The funny thing is, it could well be an interesting essay, reflective of a thoughtful, intellectually oriented person.

The difficulty for the OP is that 1) struggling with your sexuality is an essay that has been done and done and done, so s/he tries to offer an original take on that struggle (the Tchaikovsky angle) and runs into problem 2, which is that the essay is no longer really about the student, it is about how the student relates to Tchaikovsky, which speaks to the student, leading to problem 3: being too in love with your essay and losing touch with the reality that the function of the essay is for a job application (ie, applying for a place as a a student).

As an example of the way you approach things, or an example of what you are looking for from your university experience, or an example of how separate strands of your life come together (for example, music + social science- history / psychology / sociology/ whatever or Russian history + LGBT studies or whatever) that’s one thing- b/c (as others are saying) that makes you the focus, and links to what that has to do with you as a person going forward / at their university.

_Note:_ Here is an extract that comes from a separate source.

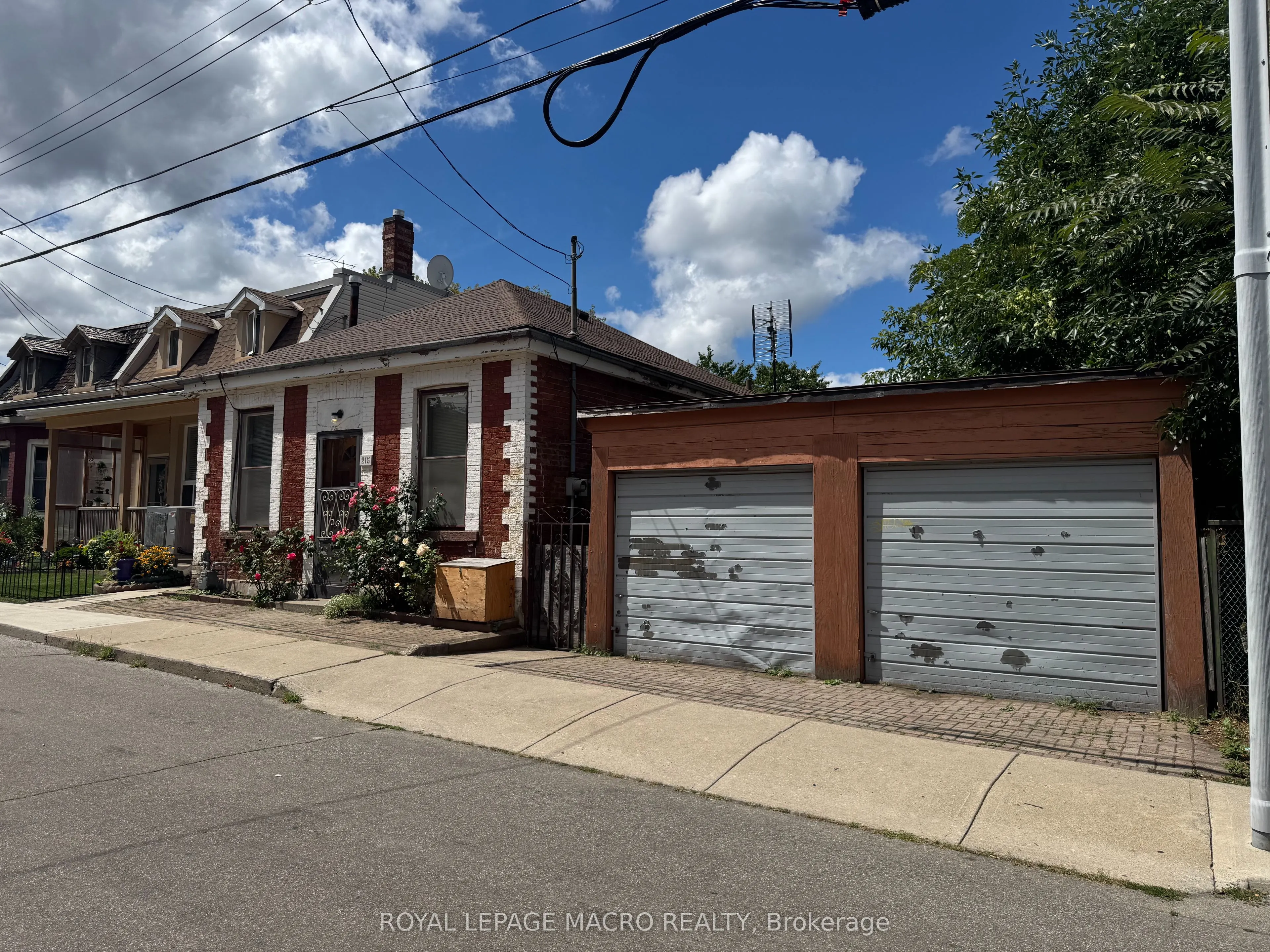 215 Ray Street N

First and foremost, your essay REALLY needs to be about you. Keep other people out of it for the most part, unless they’re mentioned directly in relation to you. I made the mistake applying to colleges as a high school senior where my essay was too much about another person, not about me, even though I think that the essay did reveal a lot about me. It’s just not what they’re looking for.

Secondly, and I say this as an in-your-face lesbian, I think that the accepting one’s sexuality/oneself is too overdone. Even if you’re from a rural area. Even if you’re from a religious background. Even if your grandparents wouldn’t talk to you. And I don’t think it’s a good choice anyway because it doesn’t sell YOU. Yes, being gay is an important part of who you are–absolutely! However, this is about YOU. It needs to be more than “I’m gay and it’s been hard”. It needs to be shining brightly where the adcoms can read it and get a good sense of who you are, rest of your application be darned.

(*Yes, there may be some hyperbole there. The essay isn’t the be-all, end-all of applications. But you might as well try your best).